→ What is needed:
Begin your copy at the line that contains "브런치 샌드위치 잉글리쉬머핀 샌드 120g, 3개" and carry it on, exactly, to the last line of the material below.

→ Information shown:
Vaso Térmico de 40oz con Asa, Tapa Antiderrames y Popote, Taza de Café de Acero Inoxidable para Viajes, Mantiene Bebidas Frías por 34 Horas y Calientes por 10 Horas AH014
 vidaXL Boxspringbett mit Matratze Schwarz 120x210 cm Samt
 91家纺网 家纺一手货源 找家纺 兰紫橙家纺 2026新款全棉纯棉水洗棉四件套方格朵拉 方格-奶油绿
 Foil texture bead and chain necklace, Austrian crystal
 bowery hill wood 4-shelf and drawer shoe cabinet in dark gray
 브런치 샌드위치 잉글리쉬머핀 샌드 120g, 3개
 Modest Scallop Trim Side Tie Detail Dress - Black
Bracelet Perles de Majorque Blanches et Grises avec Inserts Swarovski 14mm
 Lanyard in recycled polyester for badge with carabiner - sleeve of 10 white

→ Result of this task:
 브런치 샌드위치 잉글리쉬머핀 샌드 120g, 3개
 Modest Scallop Trim Side Tie Detail Dress - Black
Bracelet Perles de Majorque Blanches et Grises avec Inserts Swarovski 14mm
 Lanyard in recycled polyester for badge with carabiner - sleeve of 10 white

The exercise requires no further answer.